Die Deutschen werden nicht für ihren Humor, ihre Lässigkeit und ihre Lebenslust gemocht, sondern für Tüchtigkeit, ihre Ordentlichkeit und ihre Verlässlichkeit. „Mögen“ ist vielleicht nicht das richtige Wort. Denn niemand „mag“ einen, wenn man sein Handtuch schon vor dem Frühstück vorn am Pool ausbreitet, obwohl das von Tüchtigkeit zeugt. Oder wenn jemand mit der schlechten Wetterprognose dazwischengrätscht, wenn alle einen Bergausflug machen wollen. Für solche Qualitäten wird man bestenfalls geschätzt.

Deshalb darf man es den Deutschen auch nicht ankreiden, wenn sie ihr Image ein bisschen korrigieren wollen.
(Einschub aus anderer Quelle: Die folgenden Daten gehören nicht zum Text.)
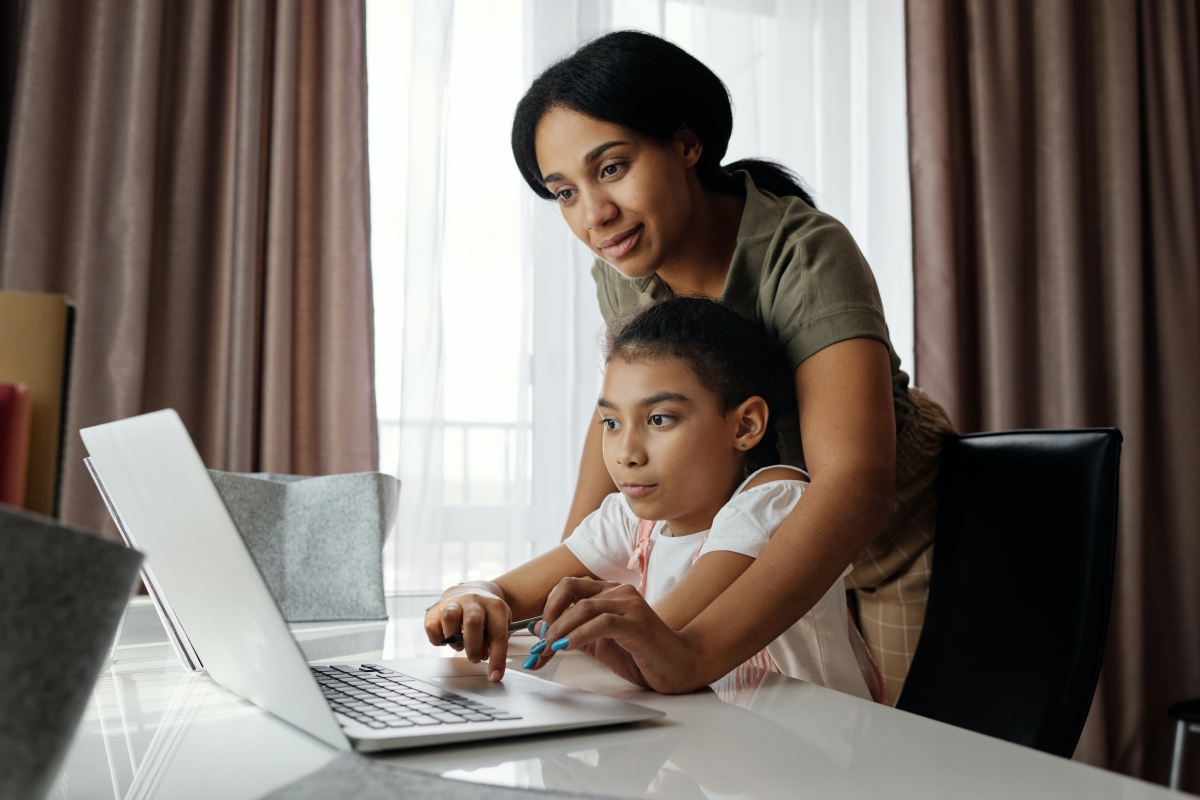 Mother helping child with computer school homework.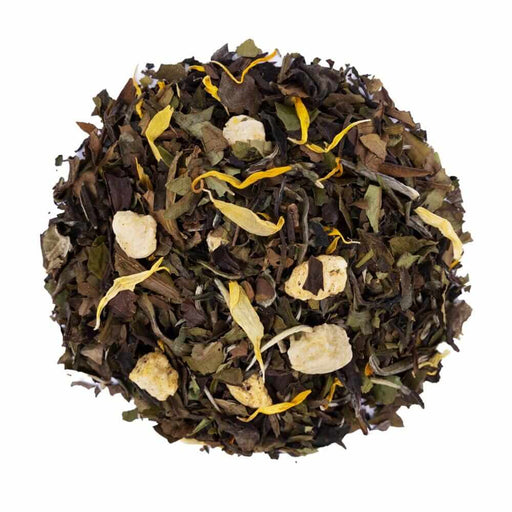 Top mound picture of The Whistling Kettle Peach White tea with flower petals and dried fruit.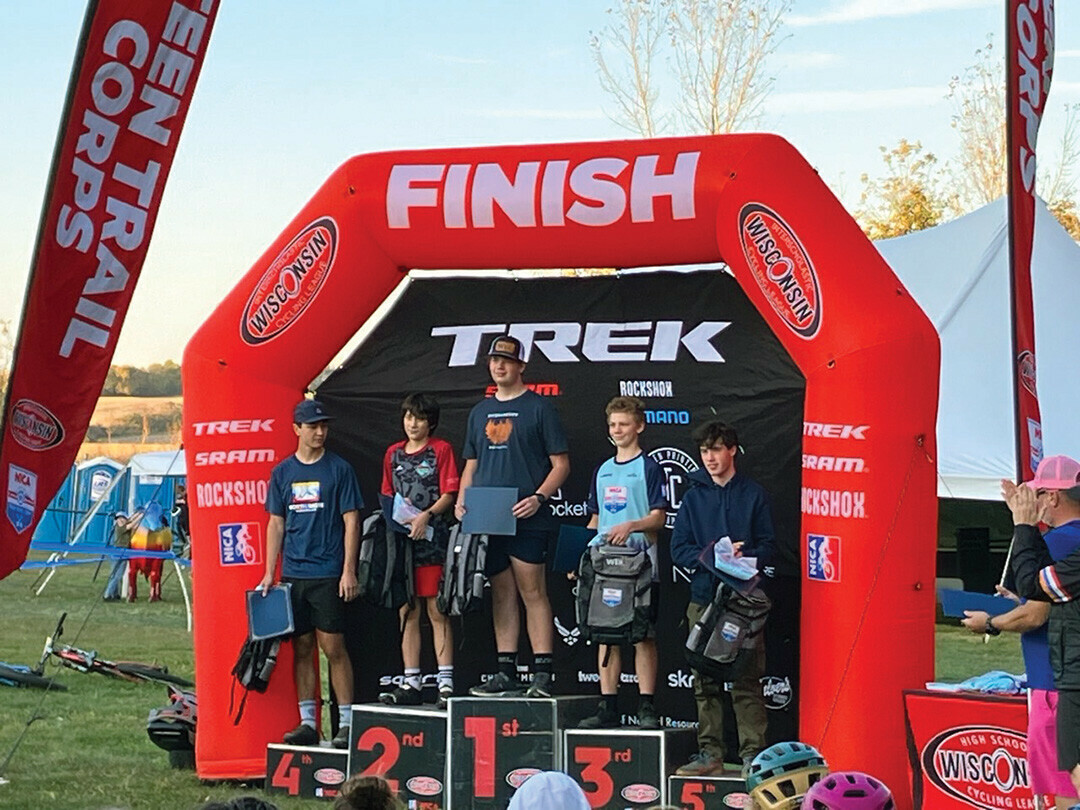 TOPS ON THE TRAILS. Ryan Semerad, center, accepted his award as the top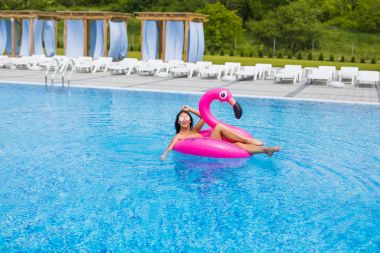 Tan kız şişme yatak flamingolar üzerinde oturur ve Havuzda rahatlayın. Havuz partisi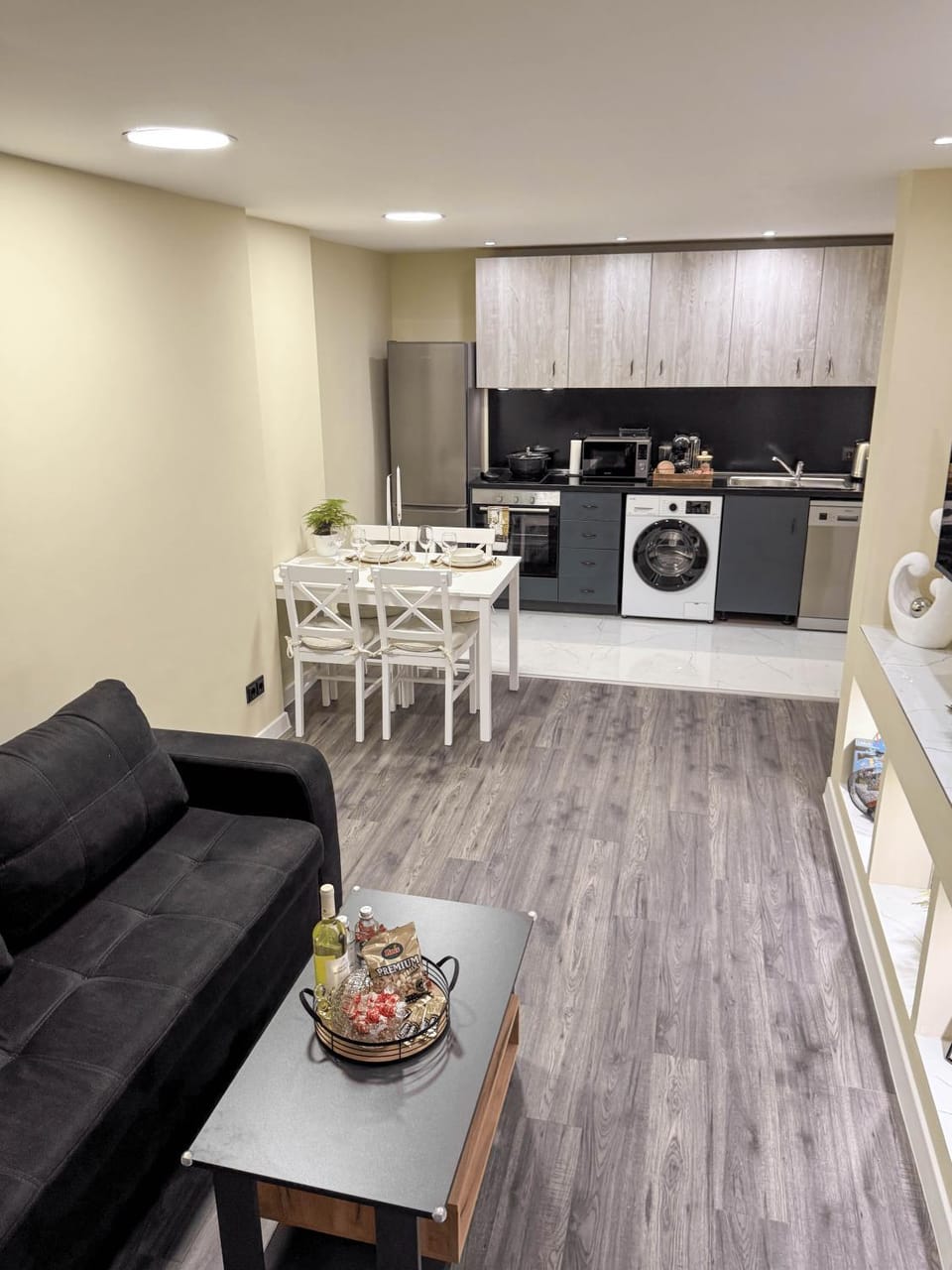 Kitchen or kitchenette, Living room, Seating area, Dining area, Dinner, dishwasher, oven, stove, washing machine, dryer, kitchen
Zum ­Beispiel auch einmal coole Typen sein wollen, die mit dem Fahrrad am Gehsteig fahren, mittags mit der Arbeit beginnen und abends bekifft in öffentlichen Parks gemütlich Würste grillen. Und die Polizei schaut auch noch weg. Und man muss sagen, wenn man ­Berlin zu Deutschland zählt, dann ist ihnen das auch gelungen. Ich habe es selbst erlebt.

Und jeder kennt persönlich mehrere Deutsche, die einen unordentlichen Schreibtisch haben und zu manchen Dingen keine Meinung. Trotzdem hätte sich das Deutschen-Klischee noch länger gehalten, wenn in diesem Sommer nicht die deutsche Außenministerin Annalena Baerbock höchstpersönlich eingegriffen hätte. Statt mit dem Regierungsflugzeug wie geplant nach Sydney zu fliegen, ist das Flugzeug zweimal wegen eines mechanischen Defekts notgelandet und hat dabei 80 Tonnen Kerosin in die Atmosphäre abgelassen. Das war eine Demonstration deutscher Ingenieursuntüchtigkeit. Das muss der Neid den Deutschen wieder lassen. Jetzt hat die Welt kapiert, dass sie keine Tüchtigkeitsweltmeister mehr sein wollen.